Comment retrouver cette grandeur perdue ? Comment se résigner à un tel désastre? Le plus dur à admettre est que le staff managérial a les attributs et les compétences requises pour redresser la situation. Il sait ce qui doit être fait et ce qu’il faut faire pour reprendre de l’altitude.
Il lui a manqué les moyens de sa stratégie et de sa politique. Il subit le diktat des syndicats et l’impuissance des autorités soucieuses d’acheter la paix sociale au prix du naufrage des compagnies nationales aujourd’hui en extrême difficulté.
Tunisair, la Steg, le Complexe chimique, ceux dont on parle le plus alors que chaque jour apporte son lot de victimes parmi les entreprises publiques…Mêmes causes, mêmes effets et même paralysie financière.
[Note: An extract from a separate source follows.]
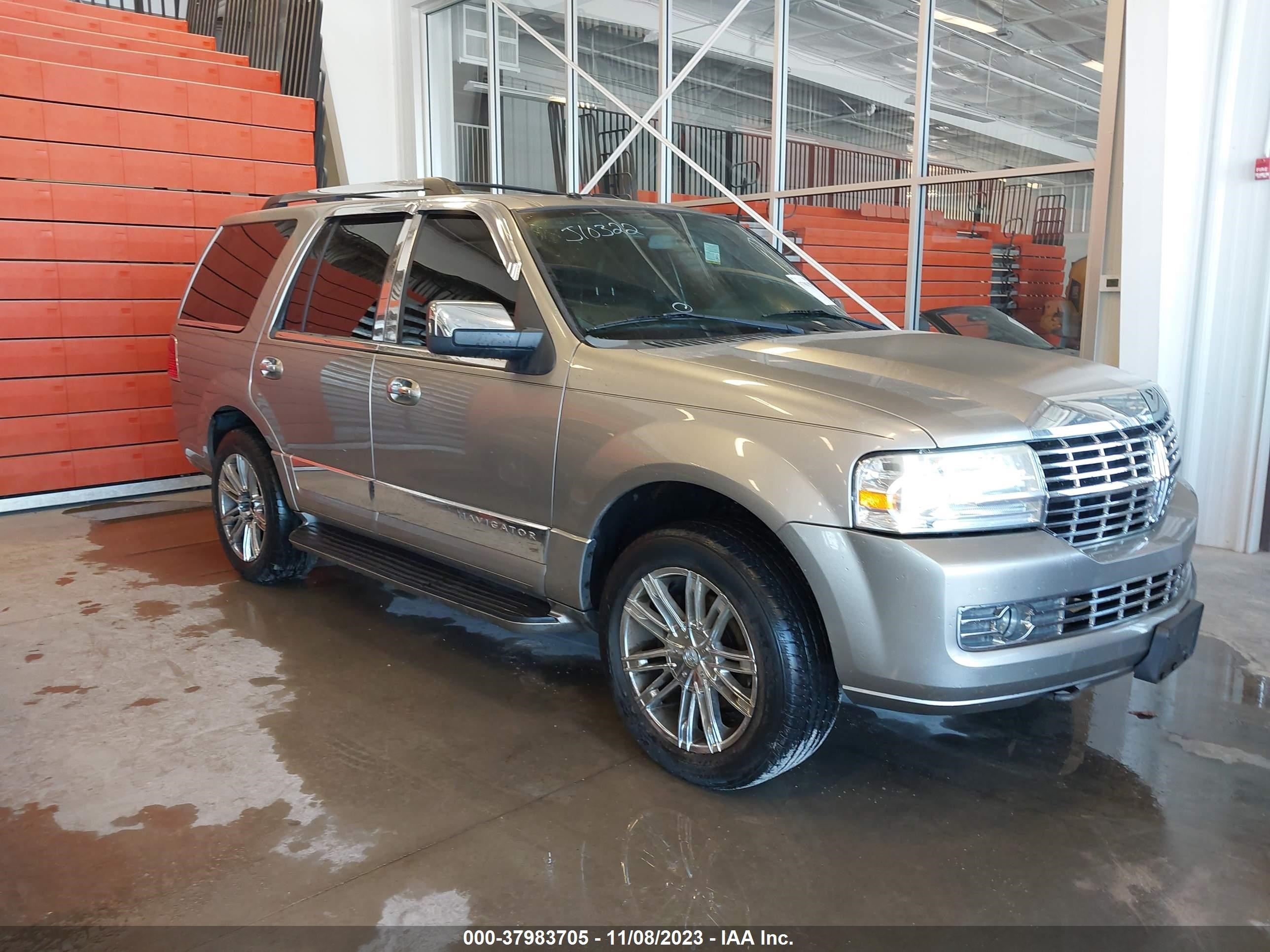 Photo 0 VIN: 5LMFU28548LJ10322 - LINCOLN NAVIGATOR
Ces entreprises payent aujourd’hui et font payer aux contribuables le prix des errements de dirigeants qui ont cassé, sinon largement impacté les ressorts du développement par légèreté, inconscience ou méconnaissance des rouages de l’économie et des impératifs financiers des entreprises. Il se trouve que ce sont ceux- là mêmes qui caracolent aujourd’hui en tête des sondages et des intentions de vote. Ils s’en félicitent et se donnent en modèle de réussite. Les déboires de nos entreprises publiques dont ils assument une large part de responsabilité devraient les inciter à plus de discrétion, plus de décence et plus d’humilité.
Nécessité fait loi. Tunisair doit aujourd’hui son salut grâce aux mesures d’urgence décidées par le gouvernement, par crainte des risques que la compagnie faisait planer sur la saison touristique à 5 mois des élections législatives et présidentielle. Ces décisions sont certes tardives, mais elles sont bonnes à prendre.
D’autant que rien ne prédestinait le pavillon national, à l’instar du GCT et de la STEG, à une telle situation. Tunisair avait tout pour réussir avant que l’onde de choc post-révolution ne résonne dans ses propres cockpits. En la propulsant dans une zone de turbulence dont elle peine à s’en dégager, lestée comme elle est par un insupportable sureffectif. Que ne l’a-t-on soutenu plus tôt ! Le coût aurait été moins élevé et le goût moins amer.
Tunisair renoue avec l’espoir en attendant de reprendre des couleurs. Quid de la Steg et du GCT et de bien d’autres entreprises publiques ? Au-delà de leurs propres difficultés, ils freinent la croissance et brouillent l’horizon national ?
L’état du patient est si critique qu’il devient aussi coûteux qu’inutile de prescrire les mêmes ; calmants qu’hier. Seules des opérations chirurgicales peuvent les guérir et les tirer d’affaire quel qu’en soit le prix. Il faut dégraisser le mammouth en taillant dans le sureffectif et revenir à des normes de productivité proches des standards mondiaux. La restructuration et l’assainissement financier ont certes un coût élevé dans l’immédiat ; ils sont incontournables et à terme salutaires. Il faut l’oser. Et ce n’est pas le moindre des paradoxes : on n’échappera pas aux critiques de ceux qui s’opposent au changement et aux réformes. Mieux vaut les affronter avant qu’après les élections. Il y a plus de voix à gagner qu’à perdre !
Même si c’est le bon peuple qui réglera au final la facture d’un plan social pour indemniser les intrus de la 25ème heure et les rescapés de la révolution. Sans compter les dédommagements des victimes de la dictature alors que le pays a déjà un genou à terre. Comme s’il ne suffit pas de solder de tout compte la facture des “trois glorieuses” qui ont plombé et marqué au fer rouge certaines de nos entreprises publiques, celles- là mêmes qui dix ans plus tôt avaient propulsé le pays dans le peloton de tête des émergents.